__Given data__
'''

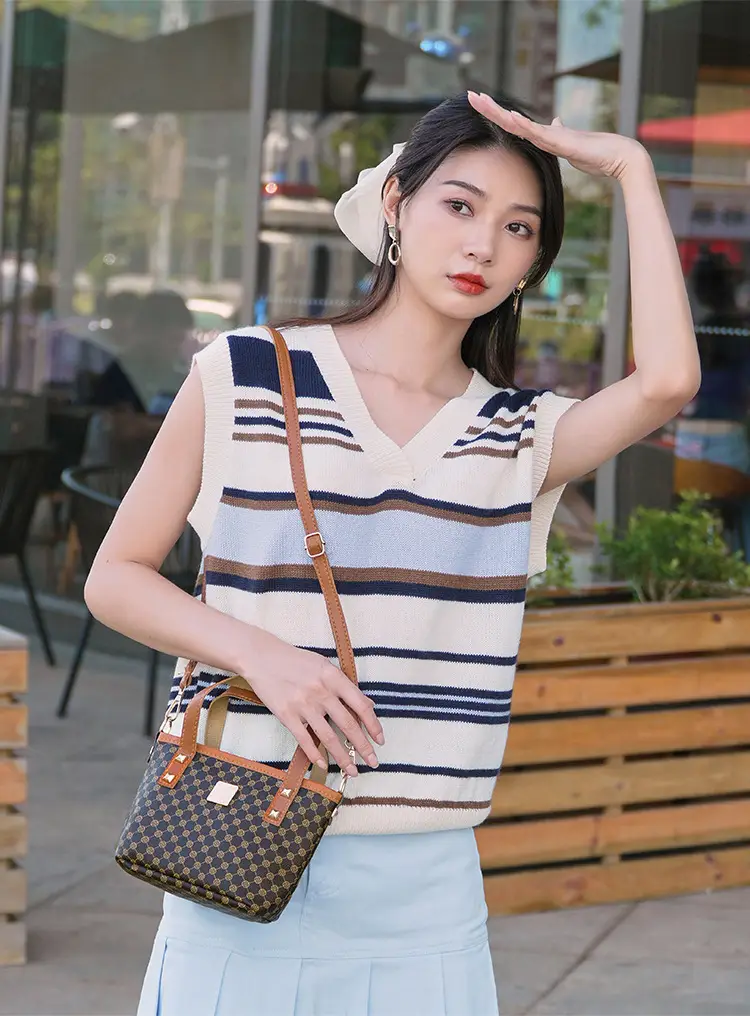 2023 Trendy Women's Checked Bag Set Brown Leather Handle — feature 13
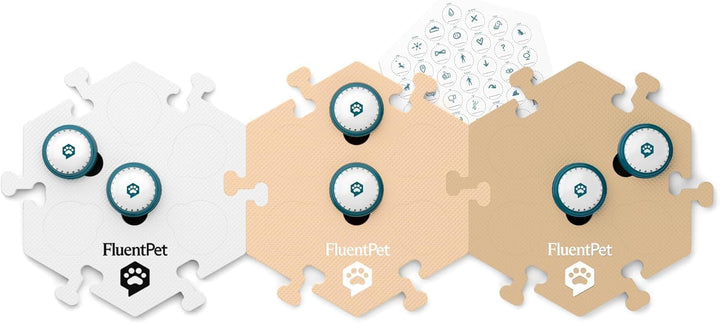 FluentPet Classic Vokabel-Set mit klarerem, nach Oben gerichtetem Ton – 12 bespielbare Tasten mit vo
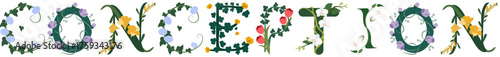 CONCEPTION, Vintage Floral Letter Vector Design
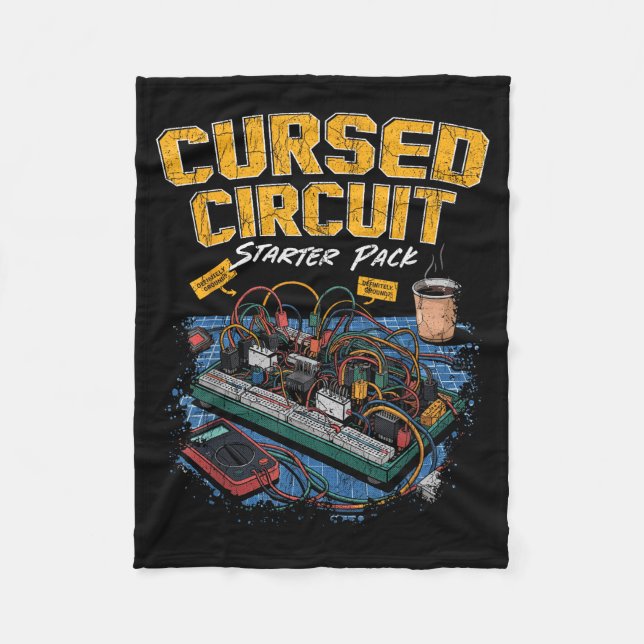 Cursed Circuit Starter Pack Funny Electronics Hall Fleecefilt (Framsidan)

'''

__What the task requires__
The answer is the full listing above, repeated exactly, with its pictures removed.

__Output for this task__
 2023 Trendy Women's Checked Bag Set Brown Leather Handle — feature 13
 FluentPet Classic Vokabel-Set mit klarerem, nach Oben gerichtetem Ton – 12 bespielbare Tasten mit vo
 CONCEPTION, Vintage Floral Letter Vector Design
 Cursed Circuit Starter Pack Funny Electronics Hall Fleecefilt (Framsidan)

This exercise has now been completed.